The deal, as presented by Lansford, would be handled as a government-to-government transfer giving 15 acres east of the landfill on Brady Avenue to the county, and no money will change hands.
The county is holding an Aug. 6 election, asking citizens to renew bonds set to expire, providing the $9.88 million while preserving current property tax rates. County Manager Lance Pyle has noted total costs will run in excess of $13 million, and the county needs to either take out a loan or pull from the general fund to pay costs not covered by the bond.
The county is still negotiating with the Clovis Industrial Development Corp., which has offered 28 acres for $140,000 ($5,000 per acre). The parcel of CIDC land is on the same road and almost kitty-corner to the northwest of Clovis’ property being offered.
Neither property has utilities.
Lansford said he looked at a newly updated contract for the city land deal on Tuesday morning, and the contract is, “close to where it needs to be.”
Lansford said there are three issues on the contract that still need to be worked out:
- Who will take care of the roads?
- When will the land be annexed into the city limits?
- Details relating to the city’s need for access to wells that test the ground water for contamination due to the property being next to the city landfill.
“Nothing is final until the county approves the contract and then the city.”
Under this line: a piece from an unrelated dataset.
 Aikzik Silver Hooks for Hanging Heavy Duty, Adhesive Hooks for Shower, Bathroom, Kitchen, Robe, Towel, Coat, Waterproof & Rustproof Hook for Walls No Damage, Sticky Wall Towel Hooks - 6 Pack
County Commissioner Ben McDaniel said commissioners have not yet decided between the Clovis Industrial Development Corp.-owned land or the city-owned land. He said commissioners will make their final decision on a land deal during the executive session of the county commission on Friday.
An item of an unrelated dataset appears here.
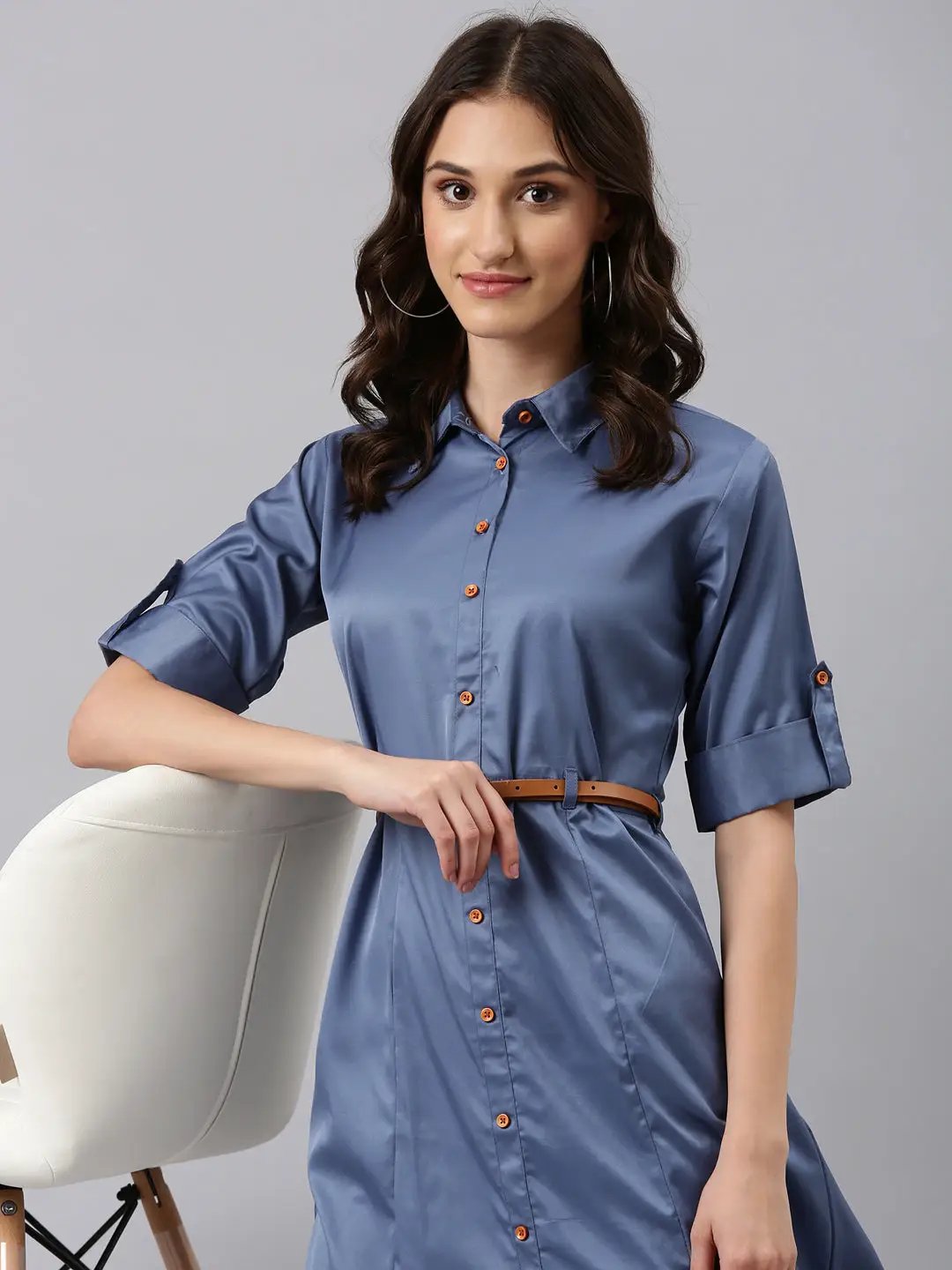 Shop Women's Blue Roll-Up Sleeves Shirt Collar Satin Belted Shirt Midi Dress| Showoffff Shop Women's Blue Roll-Up Sleeves Shirt Collar Satin Belted Shirt Midi Dress| Showoffff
“It would be really stupid not to,” McDaniel said about making a decision on a land deal. “I’m not going to walk out of the room without one.”
He said after the executive session ends, commissioners will announce their decision to the public and approve of a contract.
Lansford said if the county chooses Clovis’ land offer, the city commission will have to approve of the finalized contract. He said he will place the item on the agenda for the city’s special meeting on Monday.
Although commissioners are no longer interested, county commissioner Tim Ashley offered to donate 15 acres of land at the crossroads of U.S. 70 and County Road 7 to the county at no cost for the purpose of building a new county jail.
“After the second bond election failed I talked to Lance (Pyle) about donating the land,” Ashley said, “because of all the feedback I got from people who didn’t want to put money into a downtown facility.”
McDaniel said, “We figured it would cost half a million dollars to bring utilities to Ashley’s property.”